Si on ne peut que se réjouir du fait que la Belgique prenne son rôle au sérieux, il ne faut cependant pas se faire d’illusions : en 6 mois, la Belgique ne va pas changer l’Europe, ses grandes orientations, ses équilibres politiques.
Pour rappel, la Commission européenne (Barroso II) est essentiellement orientée à droite. Sur les 27 commissaires, 21 sont PPE ou libéraux, 6 socialistes et aucun n’est vert. De même, le Parlement européen est encore plus à droite que le précédent malgré le progrès des écologistes (7,5%), les sociaux démocrates ne représentent plus que 25% et les communistes 5%.
Même si le traité de Lisbonne était le meilleur compromis possible dans ce contexte et devait être adapté, il reste terriblement éloigné de l’Europe idéale, sociale et verte. Peu de chances donc d’abattre le dogme marmoréen de l’ultra-libéralisme.
Si nous devons saluer l’accession à la Présidence d’Herman Van Rompuy, et reconnaître ses qualités d’homme d’état, n’oublions quand même pas qu’il est fondamentalement conservateur. De plus, il aura la lourde tâche de trouver un équilibre entre les trois présidences (Union, Conseil et Commission) et, surtout, devra déployer des talents exceptionnels de diplomate…

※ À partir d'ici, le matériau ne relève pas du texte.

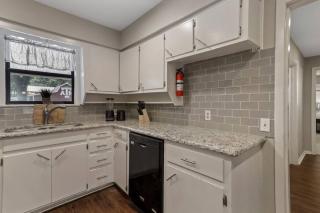 Texas Rival Home in Fort Worth - Keller, Globe Life, AT&T by HomeStayPros - 2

Gardons néanmoins l’espoir ténu de voir l’Europe s’affirmer dans les nouveaux équilibres mondiaux entre USA, Japon et pays émergeants (le BRIC : Brésil, Russie, Inde et Chine). A cet égard, la façon dont l’Europe a été éjectée des discussions finales à Copenhague est une réelle humiliation.
Paul Magnette a eu l’audace (reconnaissons-le) de s’attaquer dernièrement dans la presse au dogme libéral en affirmant que la libéralisation de l’énergie était un échec. Sur ce point, nous pouvons être d’accord. Même si la libéralisation a ouvert la voie à l’avancée des énergies renouvelables en Wallonie, l’absence de régulation au niveau européen a permis l’émergence de groupes énormes, en mesure d’imposer leur loi aux états tout en maintenant des prix trop élevés et en investissant bien trop peu. Magnette a été immédiatement taclé en commission par le VLD et le MR défendant l’idée contraire que les ratés sont dus à un trop peu de libéralisation (et je me suis en l’occurrence retrouvé à devoir soutenir Magnette !!).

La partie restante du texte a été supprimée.